Hay un sentimiento de confianza, que proviene de una doctrina de defensa estratégica cuya validez ha sido demostrada durante casi un siglo de guerras intermitentes. Esa doctrina fue formulada por primera vez en un artículo de 1923 titulado “La muralla de hierro”. Su autor fue Zeev Jabotinsky, visionario líder sionista y padre ideológico del Likud.
En el momento de su publicación, los judíos eran en Palestina una pequeña minoría acosada. Solo habían trascurrido tres años desde los primeros motines árabes en Jerusalén. Los líderes socialistas de la comunidad tenían la esperanza de que podrían apaciguar la enemistad árabe ofreciéndoles cooperación económica, progreso y prosperidad.
Jabotinsky ridiculizaba esa actitud como infantil e incluso insultante para los árabes, quienes en su opinión no permutarían el territorio por más pan y modernos ferrocarriles. Ellos resistirían, decía, mientras tuviesen una pizca de esperanza de evitar el surgimiento de un Estado judío. “Hay una sola cosa que los sionistas desean, y esa es la única cosa que los árabes no desean”, escribió. Únicamente abandonar el proyecto sionista aplacaría la hostilidad y la violencia árabes. Si los judíos querían permanecer allí, tendrían que aceptar una dura realidad: ese era un juego suma-cero. No habría paz hasta que los árabes aceptaran el derecho de Israel a existir.
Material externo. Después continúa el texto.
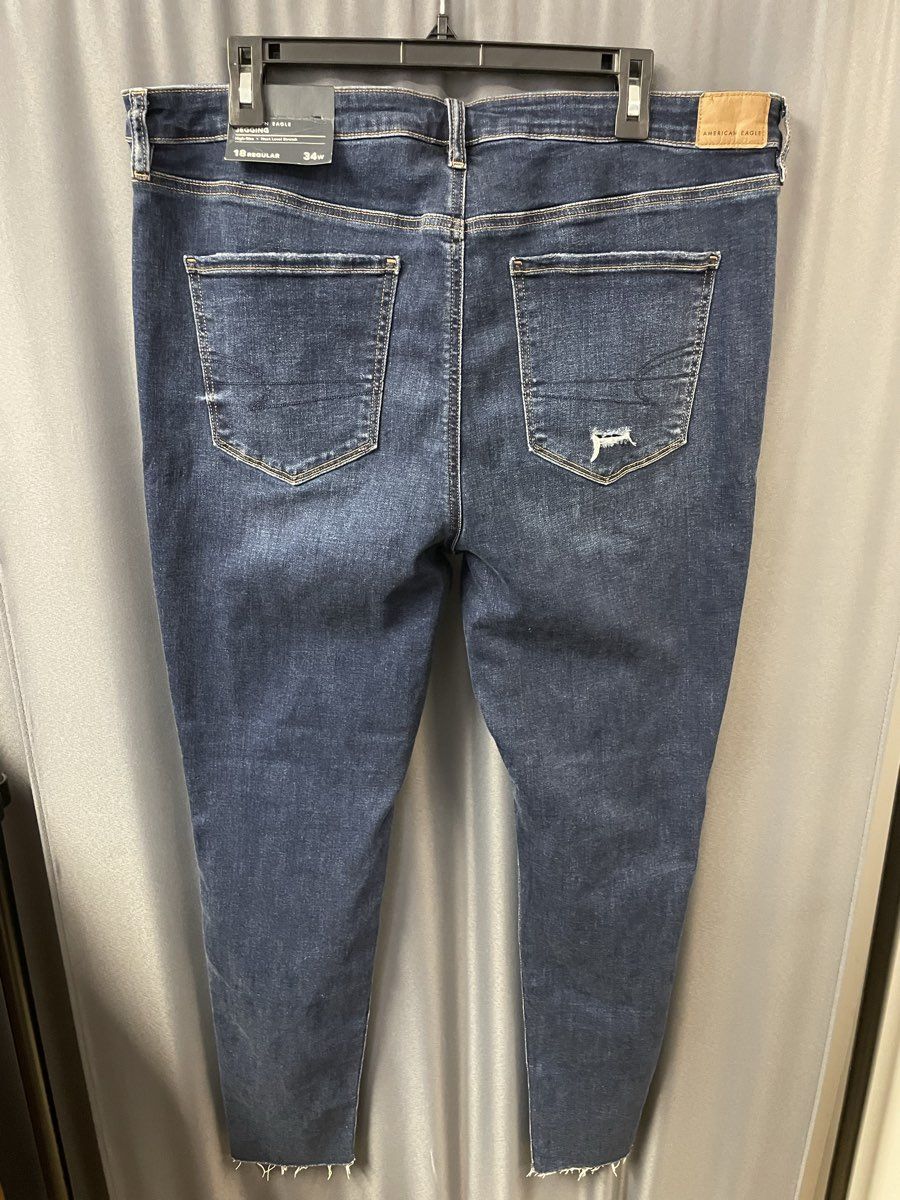 American Eagle Women's Dark Wash High Rise Distressed Jegging Jeans NWT Sz 18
Jabotinsky percibió que los árabes (en Palestina y más allá) eran, por mucho, demasiado numerosos para vencerlos en una sola guerra decisiva. Los judíos necesitaban erigir una “muralla de hierro” de autodefensa y disuasión, un muro metafórico compuesto de determinación, inmigración, progreso material, fuertes instituciones democráticas y voluntad de lucha. Gradualmente, el enemigo se vería forzado a concluir que esa muralla no podría ser derribada.
El concepto de la “muralla de hierro” tenía la finalidad de disuadir la agresión hasta que se ganara la guerra sicológica, y los extremistas, cuya palabra clave es “¡Nunca!”, fueran reemplazados por líderes más moderados, dispuestos a convivir en paz con un Estado judío.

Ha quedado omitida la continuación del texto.